* [Try it]
For this exercise, write out the whole listing below exactly, omitting its images.

* [Data block]
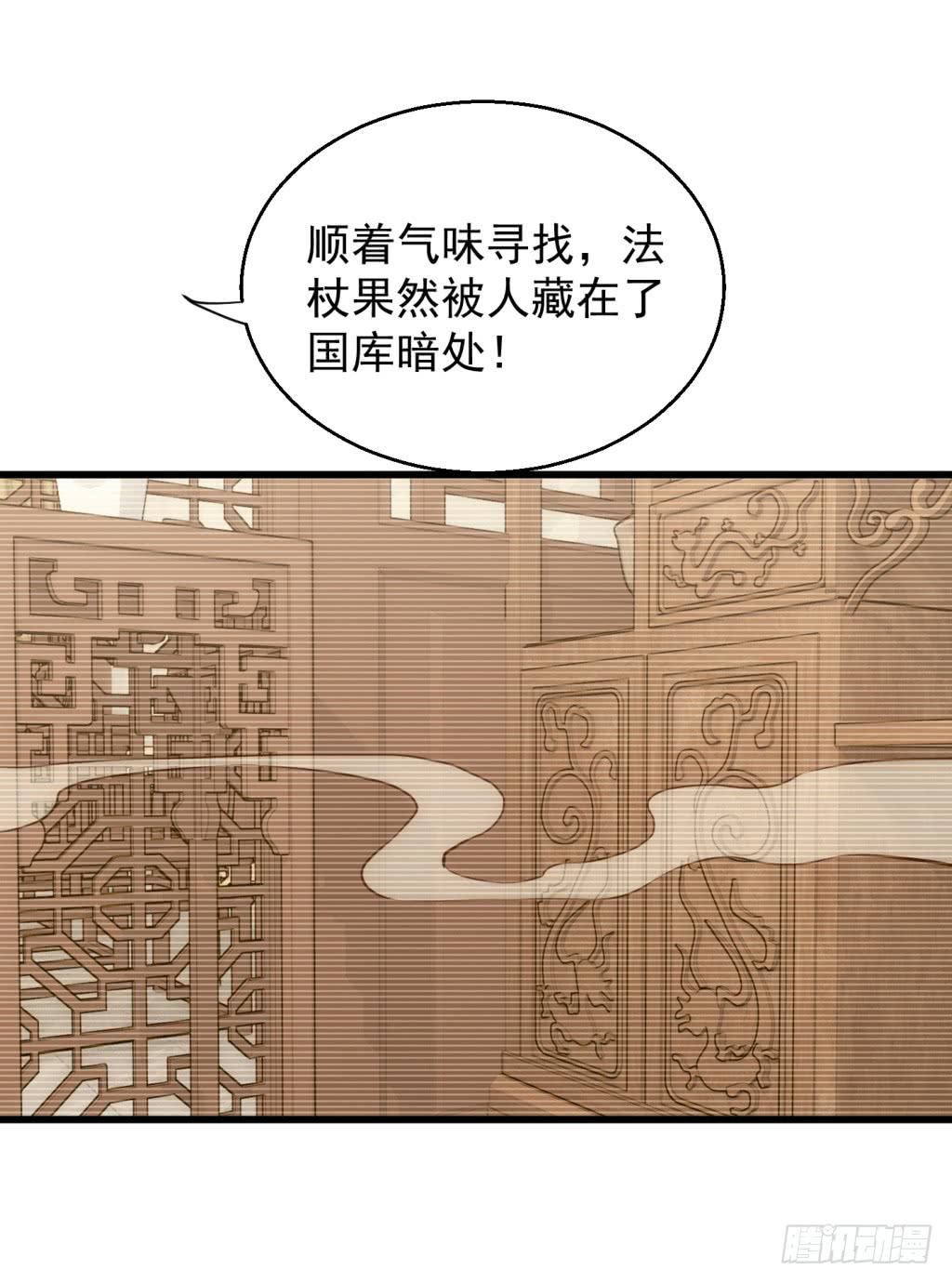 《报告公主！》21-皇子的盒饭热好了-下 第35页
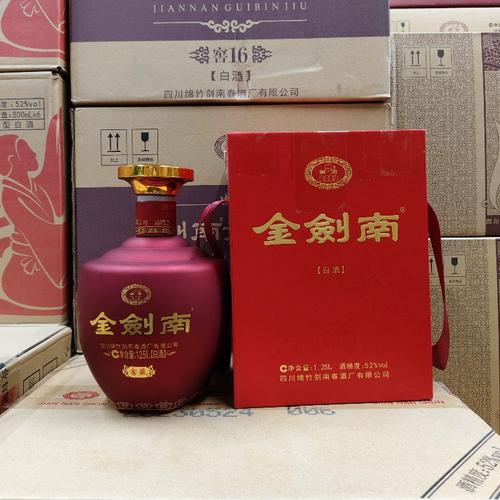 金剑南窖藏浓香型白酒52度1.25l*1坛送礼摆柜特价清仓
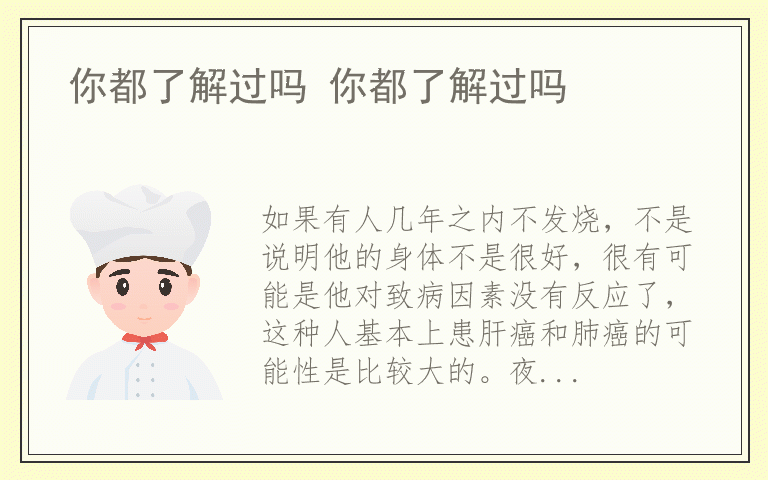 你都了解过吗 你都了解过吗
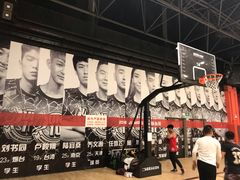 -洛克公园美式运动体验馆(唯品会合肥蜀山城市奥莱店)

* [Exercise response]
 《报告公主！》21-皇子的盒饭热好了-下 第35页
 金剑南窖藏浓香型白酒52度1.25l*1坛送礼摆柜特价清仓
 你都了解过吗 你都了解过吗
 -洛克公园美式运动体验馆(唯品会合肥蜀山城市奥莱店)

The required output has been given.